Before you can install Transcoder, the Windows utility that handles file conversion, you must first download and install 10MB worth of codecs and, if you don't already have them, Windows Media Player 9.0 and DirectX 9.0. GoVideo should have supplied all these items on the software CD rather than requiring you to download them.
Transcoder is a simple tool that uses an Explorer-like interface for finding files that you want to convert and copy to the PVP4040 (which gets its own drive letter when connected--no drivers required). We were pleased to discover that it can convert just about anything, even usually troublesome WMV files.
Although Transcoder makes it easy to drag and drop converted files to the GoVideo PVP4040, you're limited to accessing either internal memory or the SD card, whichever is selected in the player's settings.

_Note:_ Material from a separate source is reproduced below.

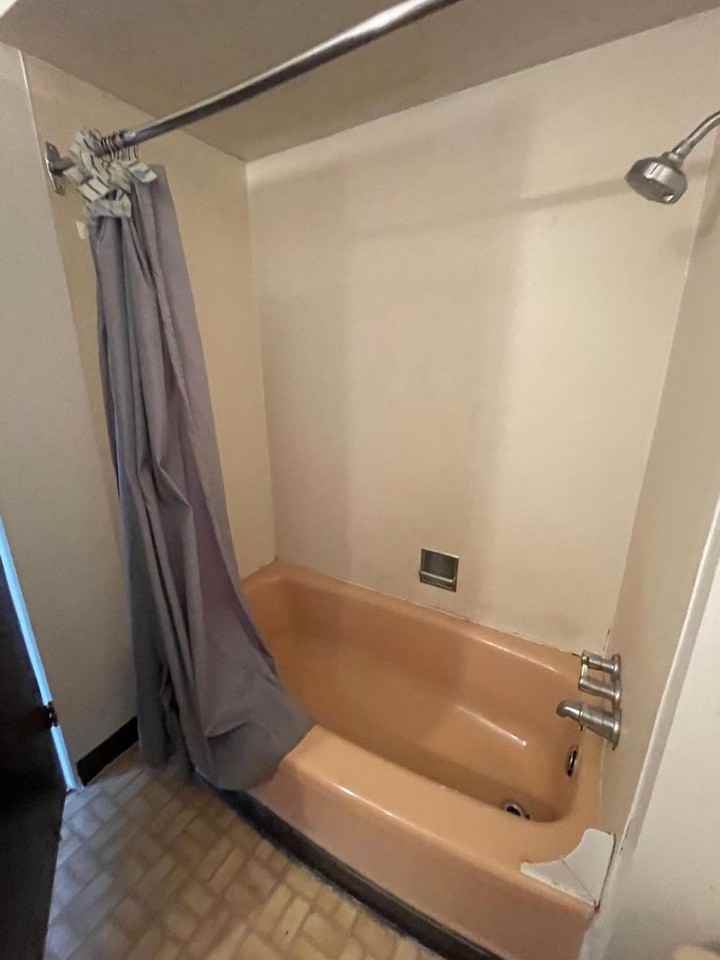 711 Queens Avenue #305 - Photo 5 of 8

This anomaly carries over to device operation as well. The PVP4040 can't read internal and external memory at the same time. If you have, say, music stored in RAM and videos on an SD card, you have to venture into settings whenever you want to switch between them. This gets old in a hurry.
The PVP4040 is not just a player; it's a recorder as well. Using the included RCA and stereo cables, you can connect just about any analog device, be it a CD player, a VCR, or a cable box. Videos are stored in MPEG-4 format and can be recorded in Fine, Normal, or Economy mode. With 128MB of internal memory, the PVP4040 can hold 30, 50, or 110 minutes of video, respectively. For audio sources, which produce MP3 files, you have a choice of bit rates (ranging from 64Kbps to 128Kbps) and stereo or mono recording.
While it's great to find recording features in a PVP of this size, they make us long for a hard drive all the more. To record a two-hour movie in Fine mode, you'd need a 512MB SD card--and it would leave you room for little else. At the very least, you'll want to use Normal mode, as Economy mode produces heavily pixelated, almost unwatchable video.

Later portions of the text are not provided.